As a reader and librarian, I’ve always WANTED to read War and Peace but it is SO daunting. SOOO daunting. A thousand pages, at least, depending on the font size. A bajillion (ok, 500) characters. A thick, thick book, but there’s a reason it’s such a THING to read it, you know? It’s a literal accomplishment, and it’s a uniting force for so many. I’d always intended to read it, had started it a few times, but after falling in love with the Great Comet musical, I had renewed vigor. Reading War and Peace was on my original vision board for 2020….but we all know the year went off the rails. So yes, I was home alone for three months and didn’t read War and Peace, but I did so much else!
But I decided 2021 was going to be the year. Why not? I decided about mid-January to read it in February, and then blocked out my schedule. There are 15 “books” within the 3 volume novel, and almost 365 chapters, plus two epilogues. I decided I was going to read 2 books a day, and I mostly stuck to that! There were some days I had to read 2.5 books, but I ultimately evened out the schedule pretty well since the books fluctuate in length. For me, this was easier than dividing it into equal page counts, because the text is so small that trying to restart in the middle of a book would have been kind of confusing. I have read Anna Karenina and lots of other “classics” (I mean, I was an English major) but I really regret not taking the Yale class that was dedicated JUSt to Russian novels of this time, haha.
I read the Oxford World Classics Edition with Napoleon on the cover. It’s the paperback copy I’ve had for years (oops) and it’s just about 1000 pages. The font is SMALL but it was manageable for me. I definitely understand why people read it on their Kindle though. I think listening to it on audio might have exhausted me though.
Ultimately, I did feel like I was in a marathon the whole eight and a half days it took me to read this book. I know there were parts I wasn’t reading as closely as others–but war is kind of boring? Why did Tolstoy write like I was going to go out and recreate these battles in my free time? But the “peace” parts and especially book 8 (the basis for the Great Comet) were splendid reads! I’m really proud that I finally read this book, and I think it’s a FASCINATING book–such an endeavor for both writer and reader. So many fascinating characters–and it’s a great survey of how you can flesh out ANY character, even if they die two paragraphs later.
Since my TBR is three miles long, it felt SCARY to put all my other books to the side to read this book–and it would have been even scarier if it had taken me longer.
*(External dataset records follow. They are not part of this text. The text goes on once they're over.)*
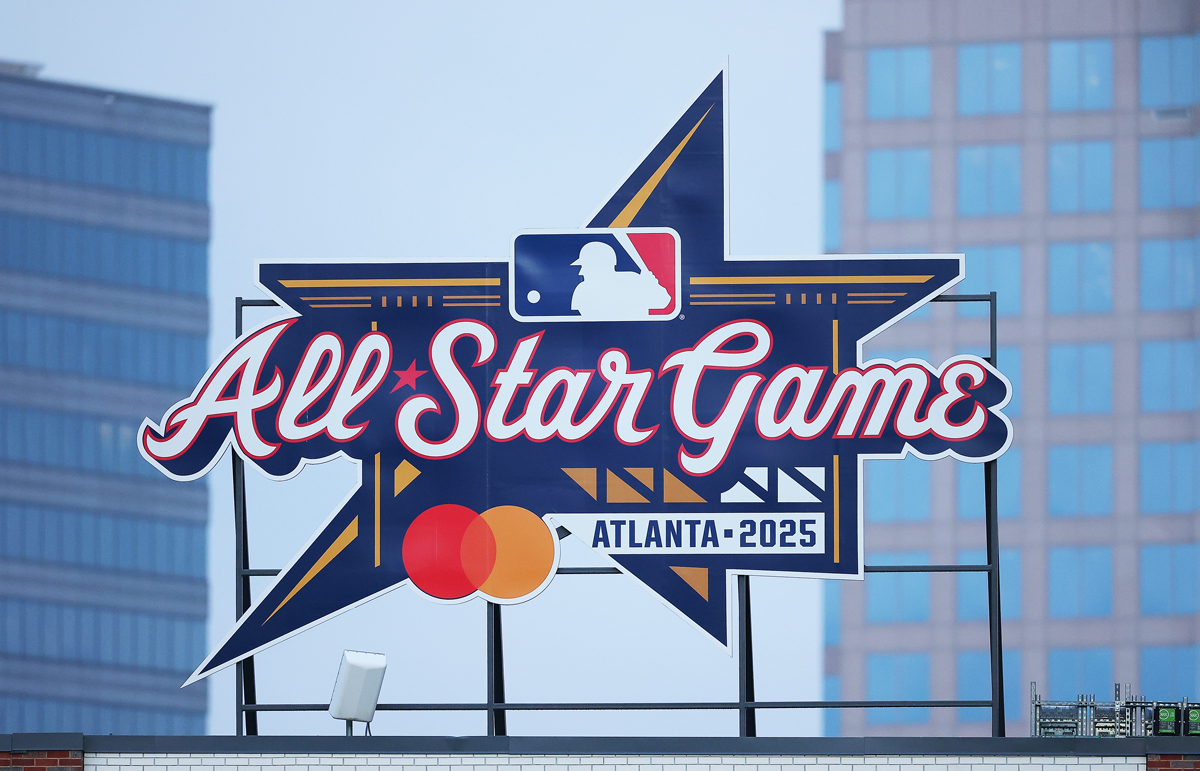 After pulling out of Atlanta in 2021, the MLB All-Star Game is back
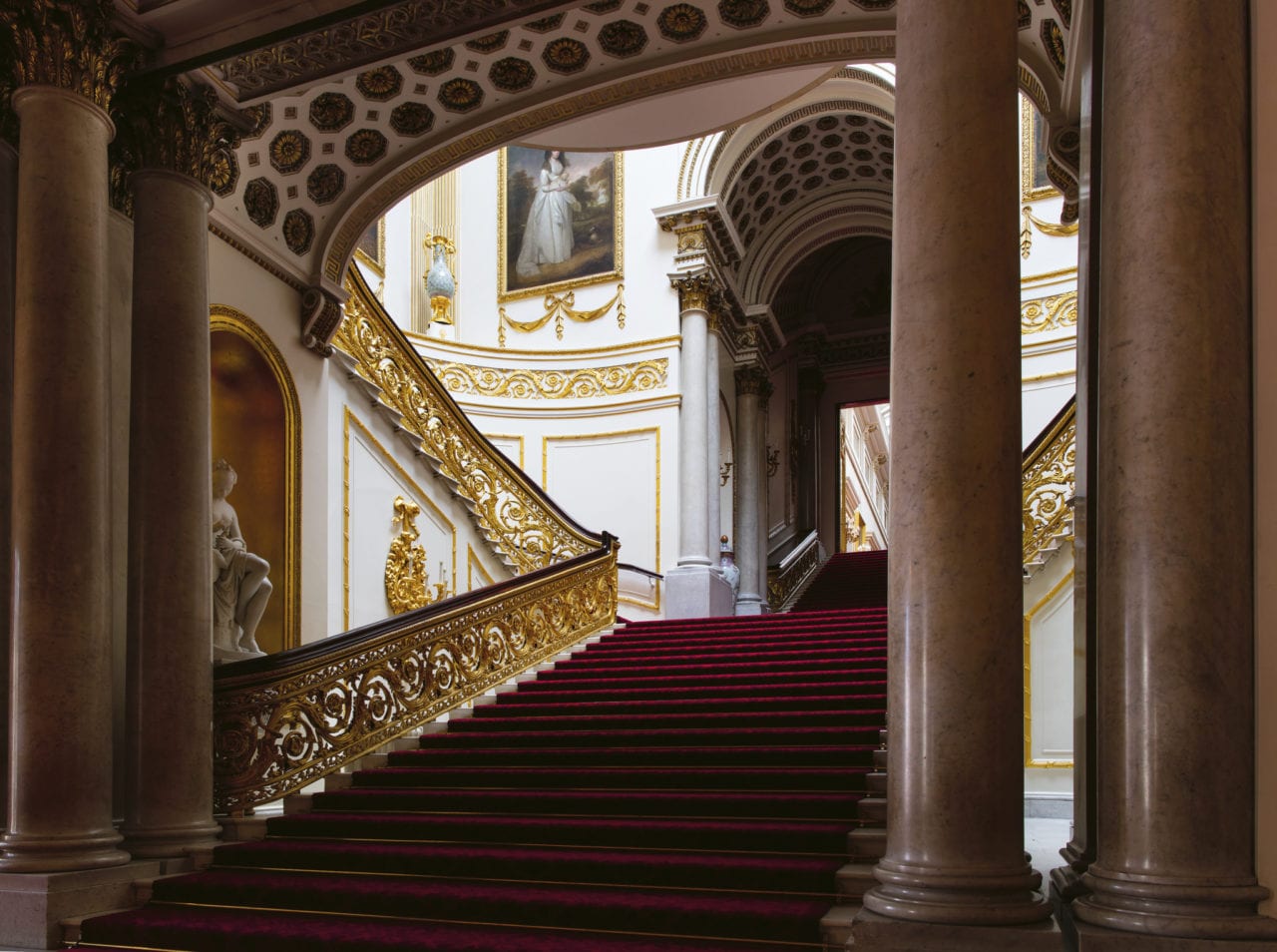 7 Newly Released Books for the Anglophile - The Glam Pad
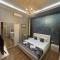 Отель Eurasia Business Hotel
I’m really impressed with how QUICK I read this, but it was also because I knew I had so many other books to read, and I wasn’t going to be quizzed on it afterwards. I still read it, enjoyed it, took so much of it in and look forward to having great discussions about it, but I didn’t let myself get bogged down in the minutia of the battle scenes.
While reading this, I did supplement my reading, because spending all day and night reading this book could ruin your day. I listened to The Last Train to Key West on audio to supplement it–and to fill my time while walking to and from work–and it was a great counter-read because it was so different. Don’t try and read War and Peace and listen to Anna Karenina at the same time. Listen to some contemporary rom-com, or a YA novel, or something to even out your emotions and keep your brain happy but not exhausted.
Was I exhausted when I finished? Yes. Am I going to brag about this for years to come? Also yes. I did it! I finally, literally, actually read WAR AND EFFING PEACE.